Muy gustoso gritaba en el pleno, chiflaba y vociferando sus «ideales» iba a las sesiones del Honorable Congreso. Sus risas y gritos llamaban la atención de los de casa y visitantes. Su estrafalaria forma de vestir, era aún más que un ruido visual en Legisver una muestra clara del «payaso» que llevaba dentro.

Siempre dije y lamenté que, han convertido en un circo, el Congreso de Veracruz. Porque no hay puntualidad. Hacen refritos de leyes. Legislan a conveniencia y proceden de igual manera, entre otros errores en los que solitos se han exhibido.

Falta seriedad y respeto a la Constitución Política del Estado de Veracruz y Constitución Política de los Estados Unidos Mexicanos. Pero qué puedo esperar, si no conocen ni cuantos artículos tienen ambas, mucho menos se saben el 1er artículo de la Constitución.

La Política debe ejercerse para servir a los ciudadanos. Para hacer de la sociedad un mejor mundo y un mundo con gran futuro.

Morena hoy ejerce el poder, si bien el discurso es contra la corrupción y en favor de la honestidad y transparencia. Las aplicación debe ser pareja para todos, no solo contra los opositores. Porque este pueblo ha despertado, las mujeres vamos a esta revolución en defensa de nuestros ideales y con la misma facilidad que les dimos el poder, de la misma manera se los quitaremos.

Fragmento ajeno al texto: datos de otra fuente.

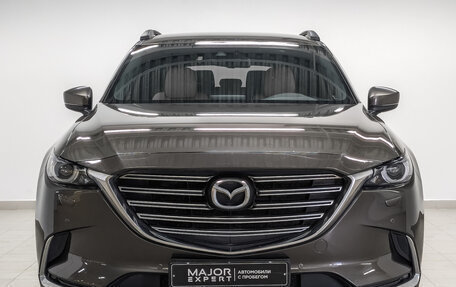 Mazda CX-9 II, 2017 год, 2 750 000 рублей, 2 фотография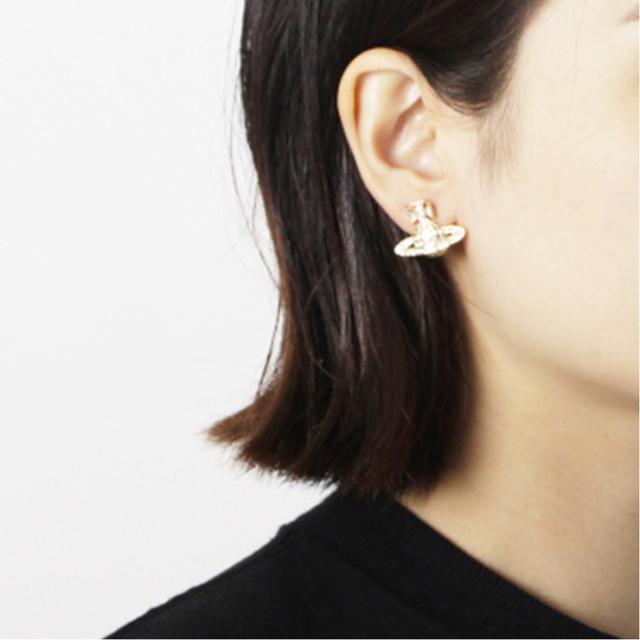 ロゴ入り骨ピアス Vivienne Westwood Otho Stud Earring Vivienne Westwood ピアス 299871othos 502529716 Buyma
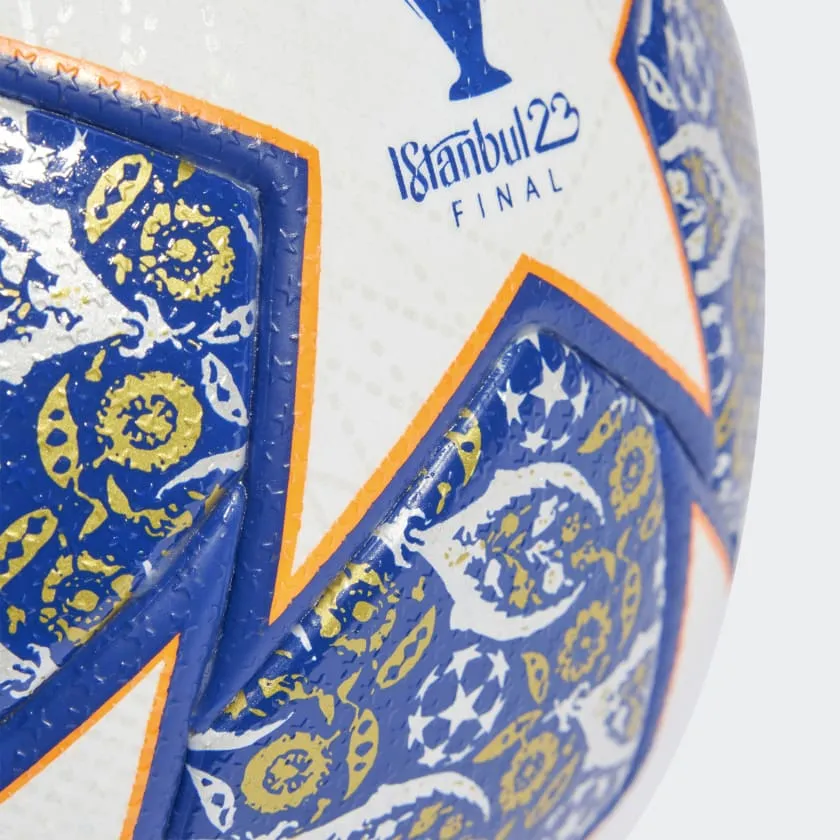 adidas UCL Instanbul Pro Ball
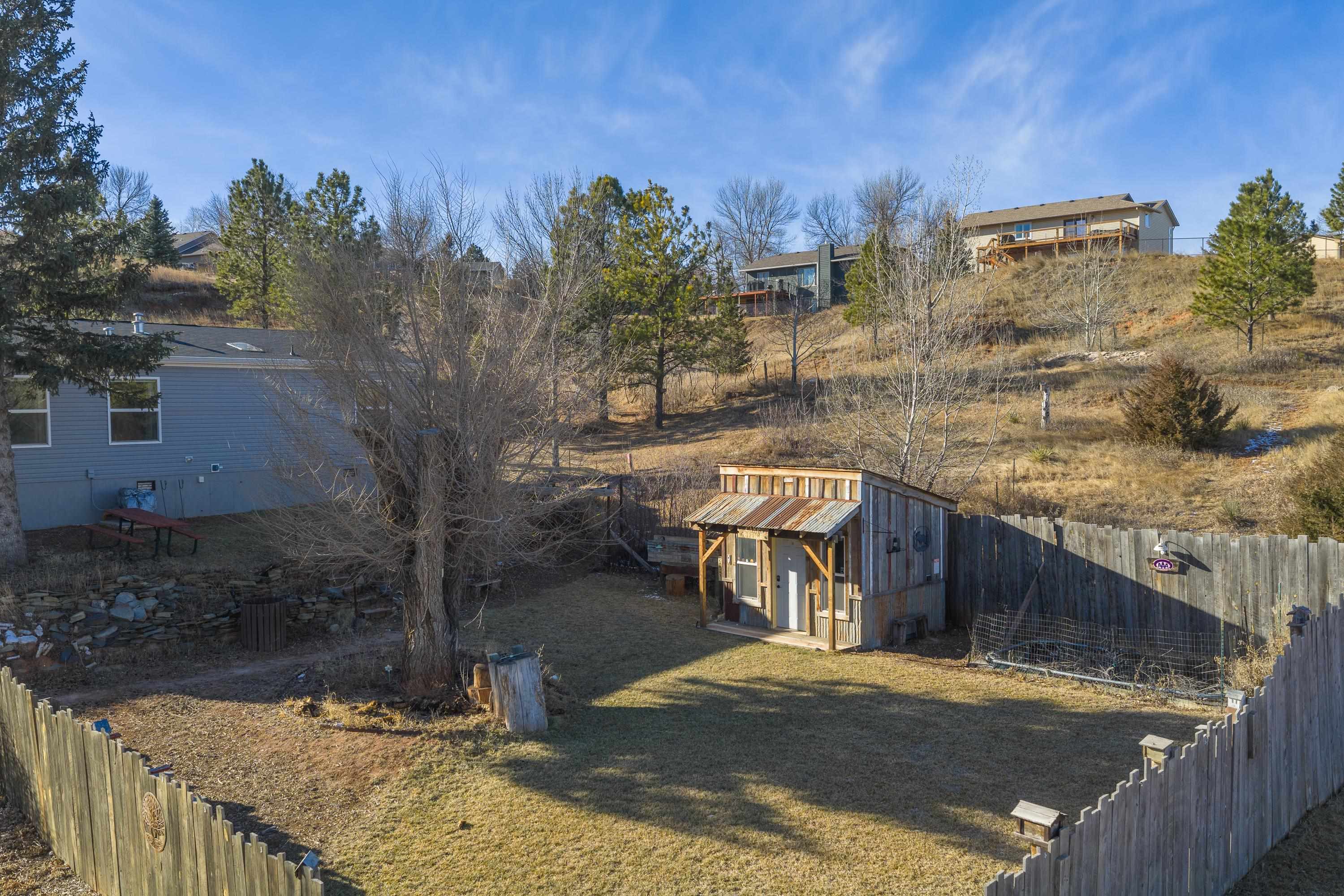 4517 Horse Creek Road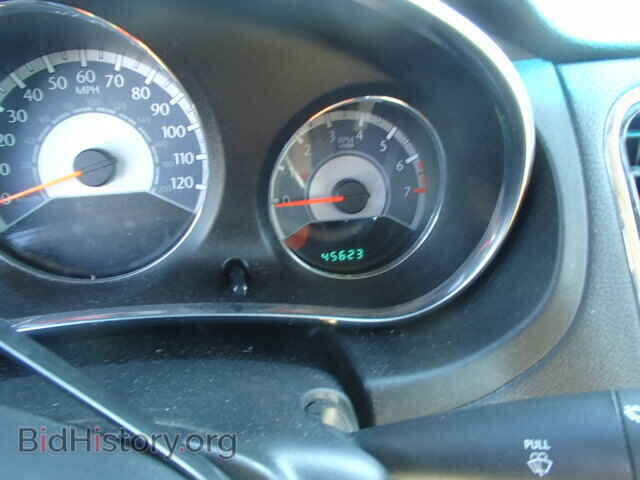 2012 CHRYSLER 200 - VIN: 1C3CCBBB4CN210787 - Фото 8
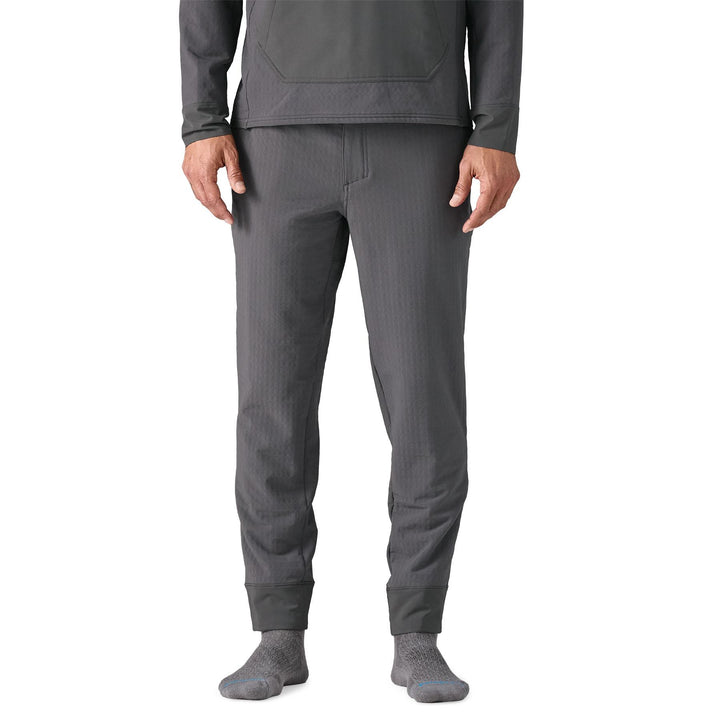 Patagonia R2 TechFace Pant Men's in Forge Grey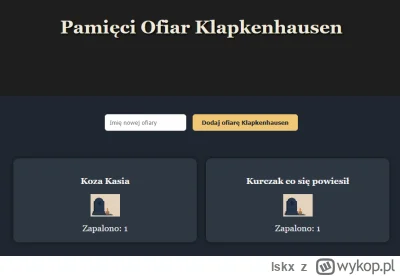 lskx - #raportzpanstwasrodka

Szanowni, pojawiła się prośba na tagu o podanie wszystk...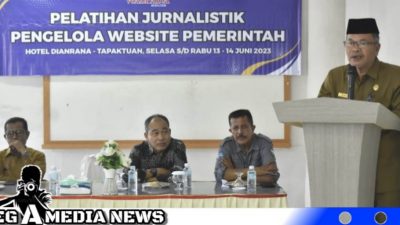 Jurnalis Berperan Dalam Proses Perubahan Sosial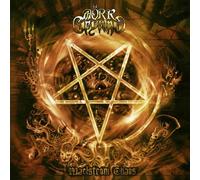 Mörk Gryning Maelstrom Chaos (Vinyl) 12" Album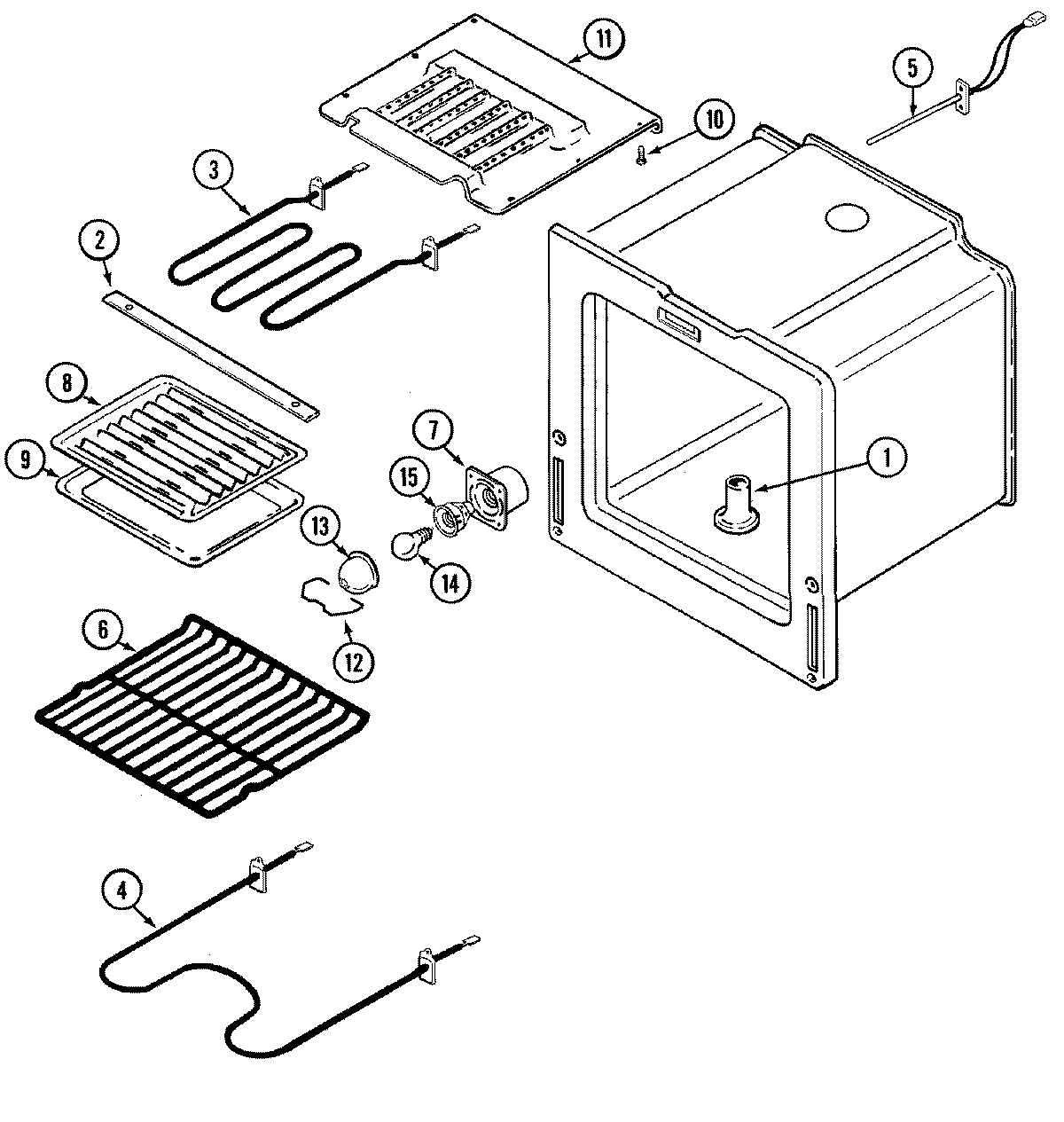 05 - OVEN/BASE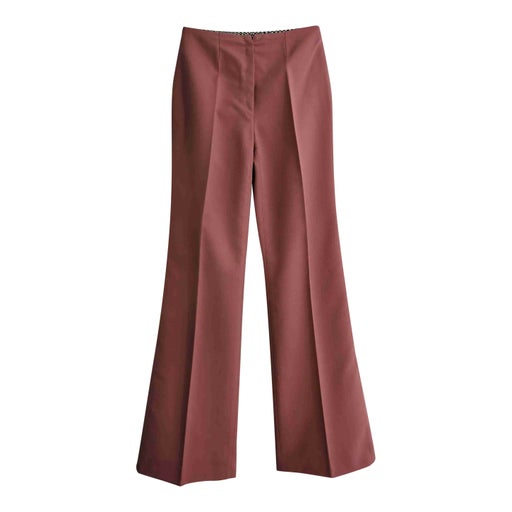 Pantalon flare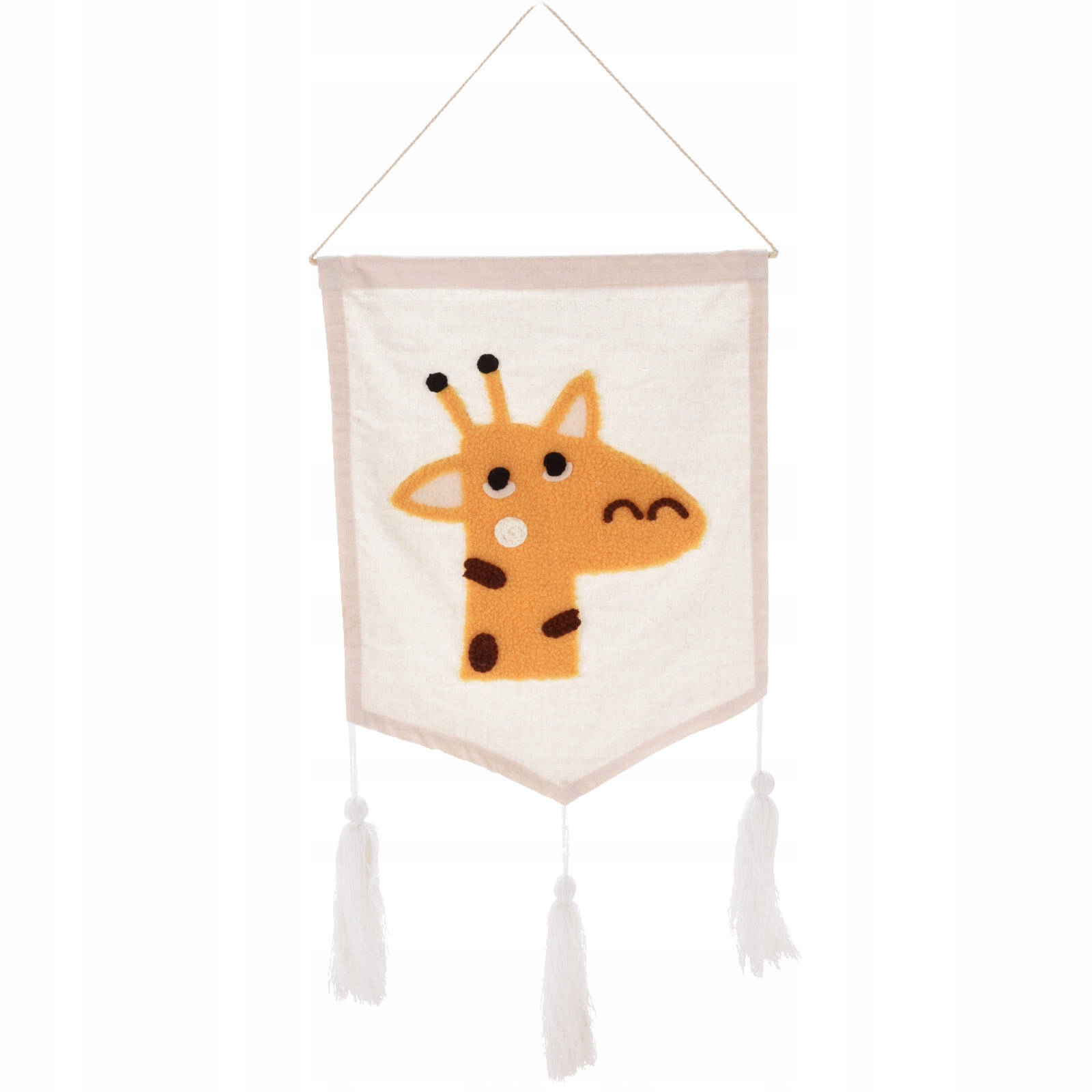 Ozdoba do pokoju dziecka – Makatka SAFARI 70 x 37 cm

Hoy van a la picota todos aquellos que son opositores al sistema al régimen que tanto criticó la izquierda, que hoy es mayoría. Lamentablemente veo que los argumentos no son sólidos y solo demuestran la venganza política. Y no digo que no deban ser castigados por infringir la ley, sino que deben ser castigados todos quienes la infrinjan. Así podríamos recuperar la confianza en los políticos y las instituciones.